After a year and a half of review, the Public Utilities Commission has granted Pasha Hawaii Transport Lines authority to carry cargo between island ports, provisionally through the end of 2013.
Pasha (pronounced PAY-sha, the name of the California family that owns the privately held business) sails the MV Jean Anne to Kahului every two weeks. The Jean Anne is the only purpose-built vehicle transporter in the West Coast-Hawaii service, with a home port in San Diego. It’s next stop at Maui will be next Wednesday.
In a contested case, Pasha argued that competition would lead to a better allocation of resources and better service and prices for interisland vehicle freight and other bulky items that the Jean Anne can handle, such as construction materials.
Young Brothers, which has what Pasha calls a monopoly of interisland shipping, objected that the proposal was not an apples-to-apples comparison, since the Jean Anne will call only at big ports: Honolulu, Kahului, Hilo, Nawiliwili, Barbers Point and Pearl Harbor.
Smaller harbors, like Kaumalapau on Lanai and Kaunakakai on Molokai, are served by Young Brothers barges. Young Brothers President Glenn Hong said the company loses money at those ports because the volume of traffic isn’t sufficient to cover costs.
For decades, Young Brothers has subsidized the small islands from its profitable routes to big harbors. Young Brothers said Pasha was only “cherry-picking” the easy and lucrative routes and ignoring the broader public interest.
It’s an old argument in the islands: Matson Navigation, which competes with Pasha from the West Coast and Young Brothers on some routes intrastate, has long championed a “Neighbor Islands through rate,” charging the same from California to Maui through Honolulu as just to Honolulu. The thought is that if it cost more to ship to the Neighbor Islands, that would drive even more of the state’s business to Oahu.
Pasha and Young Brothers officials could not be reached for comment Tuesday. Pasha did not announce how soon it would begin accepting interisland shipments.
In its decision and order, the PUC said, “The commission recognizes the value of encouraging competition and providing consumers with a choice of intrastate water carriers. The addition of a second water carrier of property would also minimize any potential harm or inconvenience to the public that would occur if existing services are disrupted.
“Moreover, despite certain claims to the contrary, the commission finds that there is no specific, verifiable evidence in the record that Pasha’s proposed service will detrimentally harm the public or other intrastate water carriers.
“Given Pasha’s unique market positioning and limited scope of service, the commission believes that there will probably be no undue harm to the existing carrier.

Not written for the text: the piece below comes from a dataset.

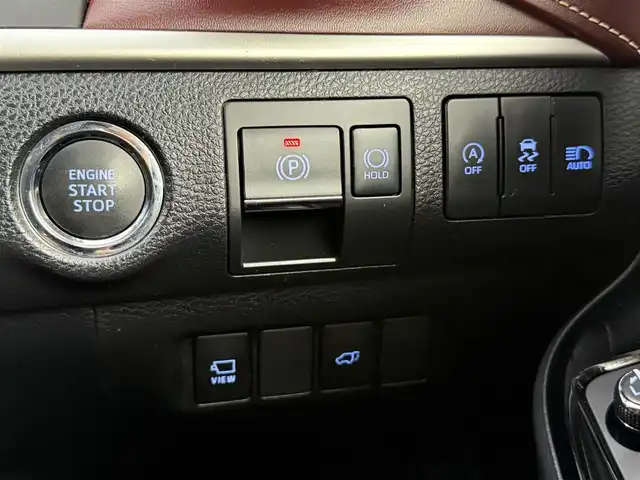 トヨタ ハリアー プログレス メタル&レザーP 愛知県 2018(平30)年 2.1万km ホワイトパールクリスタルシャイン トヨタセーフティセンス/パノラマルーフ/モデリスタエアロ/　・フロント/　・サイド/　・リアスタイリングキット/　・フロントグリル/　・バックドアスポイラー/純正9インチナビ/（Bluetooth/フルセグTV/CD/DVD/SD）/JBLプレミアムサウンド/全方位カメラ/ドラレコ/ETC/本革巻きステアリング/パワーシート/メモリシート/本革シート/シートヒーター/シートクーラー/電動リアゲード/純正LEDライト/純正18インチAW/純正フロアマット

The commission, however, is fully cognizant of the concerns that the existing carrier’s ability to serve certain customers and Neighbor Island communities may be potentially affected by Pasha’s entry into the market.”
Actual outcomes will determine whether the commission makes its order permanent, and it reserved the authority to “terminate Pasha’s interim authority to operate if, at any time, the commission determines that Pasha’s intrastate service results in significant adverse effects on existing services or the public interest.”